Data for processing ->
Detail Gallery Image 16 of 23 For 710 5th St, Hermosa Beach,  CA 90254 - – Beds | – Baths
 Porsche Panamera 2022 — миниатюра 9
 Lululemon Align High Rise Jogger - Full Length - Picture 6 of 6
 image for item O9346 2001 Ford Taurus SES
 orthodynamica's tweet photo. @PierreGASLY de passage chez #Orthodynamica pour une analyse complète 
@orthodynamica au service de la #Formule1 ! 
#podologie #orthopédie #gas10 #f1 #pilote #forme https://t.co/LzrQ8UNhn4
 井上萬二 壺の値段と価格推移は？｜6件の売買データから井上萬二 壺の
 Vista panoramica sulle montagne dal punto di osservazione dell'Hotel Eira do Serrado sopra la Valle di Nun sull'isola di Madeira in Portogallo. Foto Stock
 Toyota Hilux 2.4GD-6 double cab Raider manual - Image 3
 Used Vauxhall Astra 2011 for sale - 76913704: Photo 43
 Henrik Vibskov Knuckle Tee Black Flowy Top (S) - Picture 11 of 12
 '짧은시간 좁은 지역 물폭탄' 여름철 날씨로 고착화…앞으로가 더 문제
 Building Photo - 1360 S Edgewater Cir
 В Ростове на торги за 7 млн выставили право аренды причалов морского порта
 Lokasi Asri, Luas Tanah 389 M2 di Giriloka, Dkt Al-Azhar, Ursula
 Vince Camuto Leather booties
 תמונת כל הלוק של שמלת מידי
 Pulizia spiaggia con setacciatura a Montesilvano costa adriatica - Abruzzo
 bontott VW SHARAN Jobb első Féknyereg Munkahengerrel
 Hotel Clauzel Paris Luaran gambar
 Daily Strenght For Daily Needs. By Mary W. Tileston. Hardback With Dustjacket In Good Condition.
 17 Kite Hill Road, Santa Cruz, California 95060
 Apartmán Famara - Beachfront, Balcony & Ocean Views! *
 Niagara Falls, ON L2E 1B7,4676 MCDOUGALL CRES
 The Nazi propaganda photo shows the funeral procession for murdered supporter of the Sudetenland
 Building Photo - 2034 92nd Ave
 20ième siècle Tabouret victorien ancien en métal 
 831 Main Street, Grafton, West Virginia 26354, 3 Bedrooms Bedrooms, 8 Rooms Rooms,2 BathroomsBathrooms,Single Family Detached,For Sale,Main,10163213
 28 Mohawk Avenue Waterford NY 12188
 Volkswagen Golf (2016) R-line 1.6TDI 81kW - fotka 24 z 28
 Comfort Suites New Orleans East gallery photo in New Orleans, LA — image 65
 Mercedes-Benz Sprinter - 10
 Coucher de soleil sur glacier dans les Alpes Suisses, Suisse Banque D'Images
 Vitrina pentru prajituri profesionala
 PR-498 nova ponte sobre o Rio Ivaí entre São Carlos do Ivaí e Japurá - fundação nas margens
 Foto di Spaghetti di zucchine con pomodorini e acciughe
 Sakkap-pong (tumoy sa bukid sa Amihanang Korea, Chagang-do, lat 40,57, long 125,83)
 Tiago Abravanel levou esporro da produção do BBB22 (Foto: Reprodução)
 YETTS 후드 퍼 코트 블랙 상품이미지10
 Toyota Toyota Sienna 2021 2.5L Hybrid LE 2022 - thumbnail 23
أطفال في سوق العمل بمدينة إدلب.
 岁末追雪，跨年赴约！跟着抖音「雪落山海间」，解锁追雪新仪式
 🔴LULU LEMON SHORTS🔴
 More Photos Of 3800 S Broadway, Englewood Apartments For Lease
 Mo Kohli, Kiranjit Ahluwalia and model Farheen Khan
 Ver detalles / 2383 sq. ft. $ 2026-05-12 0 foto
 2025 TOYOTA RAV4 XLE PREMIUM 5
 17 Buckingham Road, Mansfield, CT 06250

To do -> Your answer should be the lines from the one containing "Tiago Abravanel levou" through the end of the records, both included, output exactly and with nothing added.

Solution to this problem ->
 Tiago Abravanel levou esporro da produção do BBB22 (Foto: Reprodução)
 YETTS 후드 퍼 코트 블랙 상품이미지10
 Toyota Toyota Sienna 2021 2.5L Hybrid LE 2022 - thumbnail 23
أطفال في سوق العمل بمدينة إدلب.
 岁末追雪，跨年赴约！跟着抖音「雪落山海间」，解锁追雪新仪式
 🔴LULU LEMON SHORTS🔴
 More Photos Of 3800 S Broadway, Englewood Apartments For Lease
 Mo Kohli, Kiranjit Ahluwalia and model Farheen Khan
 Ver detalles / 2383 sq. ft. $ 2026-05-12 0 foto
 2025 TOYOTA RAV4 XLE PREMIUM 5
 17 Buckingham Road, Mansfield, CT 06250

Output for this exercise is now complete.